In 1994, Prof. Giguère was recruited by McGill University to head the Molecular Oncology Group (MOG), a division of the Department of Medicine. While leading this vibrant group, which became part of the Goodman Cancer Research Centre (now the GCI) in 2008, he worked closely with collaborators at McGill to establish a program of national and international significance in cancer metabolism, a nascent field at the time. He led applications to the CFI and Terry Fox Research Institute (TFRI) to establish a core facility and research team dedicated to identifying the metabolic vulnerabilities of cancer. This TFRI program was renewed in 2015 under Prof. Giguère’s leadership and again in 2019 with Prof. Peter Siegel as leader.
Another important aspect of Prof. Giguère’s engagement has been his work with pharmaceutical and biotechnology companies, which has ensured that his technological advances and research discoveries have been translated and commercialized.
Prof. Giguère’s legacy of creativity and discovery includes the development of highly innovative research methods and technologies such as the co-transfection assay, the most important technique for directly monitoring the activity of a transcription factor. He used this approach to determine the functional domains of the glucocorticoid receptor, the first mammalian transcription factor to be cloned. The schematic diagram representing the functional domains of nuclear receptors derived from these experiments has not changed since then and is still in use in many textbooks today.
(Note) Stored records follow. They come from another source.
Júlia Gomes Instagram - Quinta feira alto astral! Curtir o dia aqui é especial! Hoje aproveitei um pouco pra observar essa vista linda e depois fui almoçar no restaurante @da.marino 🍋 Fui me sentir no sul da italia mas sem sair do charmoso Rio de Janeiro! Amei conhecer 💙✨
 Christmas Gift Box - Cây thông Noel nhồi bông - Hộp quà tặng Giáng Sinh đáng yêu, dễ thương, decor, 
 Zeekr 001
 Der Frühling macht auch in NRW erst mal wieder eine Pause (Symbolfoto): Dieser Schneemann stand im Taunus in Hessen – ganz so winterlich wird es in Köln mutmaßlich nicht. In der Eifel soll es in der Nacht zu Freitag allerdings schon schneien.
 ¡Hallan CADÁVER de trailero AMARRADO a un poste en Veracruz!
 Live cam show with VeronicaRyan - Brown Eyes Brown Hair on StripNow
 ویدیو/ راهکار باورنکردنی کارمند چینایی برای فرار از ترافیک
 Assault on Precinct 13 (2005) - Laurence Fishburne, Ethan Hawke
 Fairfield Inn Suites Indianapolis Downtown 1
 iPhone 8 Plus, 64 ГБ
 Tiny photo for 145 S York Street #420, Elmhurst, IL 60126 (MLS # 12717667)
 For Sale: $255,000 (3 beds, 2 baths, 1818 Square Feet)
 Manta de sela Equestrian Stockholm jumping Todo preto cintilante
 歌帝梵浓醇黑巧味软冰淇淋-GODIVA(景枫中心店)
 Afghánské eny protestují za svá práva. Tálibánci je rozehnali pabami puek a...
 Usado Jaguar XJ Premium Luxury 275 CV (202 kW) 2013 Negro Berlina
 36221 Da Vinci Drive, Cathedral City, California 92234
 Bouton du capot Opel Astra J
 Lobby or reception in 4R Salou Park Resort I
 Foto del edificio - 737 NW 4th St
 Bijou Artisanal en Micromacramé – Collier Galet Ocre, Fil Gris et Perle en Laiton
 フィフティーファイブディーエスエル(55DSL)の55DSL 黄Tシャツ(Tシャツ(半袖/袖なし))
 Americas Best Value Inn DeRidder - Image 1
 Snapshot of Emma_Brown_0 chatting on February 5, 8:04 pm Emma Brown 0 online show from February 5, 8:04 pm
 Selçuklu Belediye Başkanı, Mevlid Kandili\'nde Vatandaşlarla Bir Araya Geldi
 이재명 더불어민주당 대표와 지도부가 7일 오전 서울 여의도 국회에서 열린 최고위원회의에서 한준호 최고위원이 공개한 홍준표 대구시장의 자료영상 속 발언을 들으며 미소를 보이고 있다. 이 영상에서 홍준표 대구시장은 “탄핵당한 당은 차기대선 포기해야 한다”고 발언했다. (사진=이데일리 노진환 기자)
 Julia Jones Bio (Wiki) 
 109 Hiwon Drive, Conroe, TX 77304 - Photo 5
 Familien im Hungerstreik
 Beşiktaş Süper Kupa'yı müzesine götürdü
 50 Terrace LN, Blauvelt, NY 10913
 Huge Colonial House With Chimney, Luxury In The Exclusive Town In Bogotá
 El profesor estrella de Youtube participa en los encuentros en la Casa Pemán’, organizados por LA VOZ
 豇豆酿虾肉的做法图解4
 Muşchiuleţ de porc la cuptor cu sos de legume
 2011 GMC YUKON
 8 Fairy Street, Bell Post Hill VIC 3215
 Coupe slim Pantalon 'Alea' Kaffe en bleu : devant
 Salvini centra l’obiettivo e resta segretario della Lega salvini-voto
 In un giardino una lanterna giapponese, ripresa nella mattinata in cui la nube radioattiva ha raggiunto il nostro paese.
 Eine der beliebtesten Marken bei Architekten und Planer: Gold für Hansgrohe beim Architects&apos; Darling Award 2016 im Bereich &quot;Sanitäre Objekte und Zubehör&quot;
Applying the same ground-breaking methodology, Prof. Giguère discovered a nuclear receptor for retinoic acid, the active form of vitamin A. This discovery completely transformed the field of vitamin A research and subsequent work on retinoid signaling by his own team and many other groups led to our current understanding of the molecular basis of the teratogenic effects of retinoids in humans, the aetiology of acute promyelocytic leukemia (PML) and other malignancies, and eventually a cure for PML using high doses of retinoic acid in combination with other therapeutic agents.He then revealed the unanticipated existence of orphan nuclear receptors without known hormone ligands. Based on this revolutionary finding, the identification and subsequent study of novel receptor/hormone response systems completely transformed the science of endocrinology. For example, Prof. Giguère’s discovery and characterization of the estrogen-related receptors (ERRs) revealed a major regulatory node of cellular metabolism that is highly relevant to metabolic disorders, cardiovascular disease, several prominent cancers, and many other diseases. While the ERRs are orphan receptors, Prof. Giguère discovered their first synthetic ligands and has been instrumental in efforts to develop drugs that modulate their function to treat disease. Prof. Giguère is also known for his multidisciplinary approach to science. In addition to being an accomplished molecular biologist, he was a pioneer in generating new mouse models by transgenesis and knockout gene technology in the early 1990s. He was also among the first to advance genome-wide omics approaches to study the interaction of transcription factors with their target genes at the beginning of the millennium.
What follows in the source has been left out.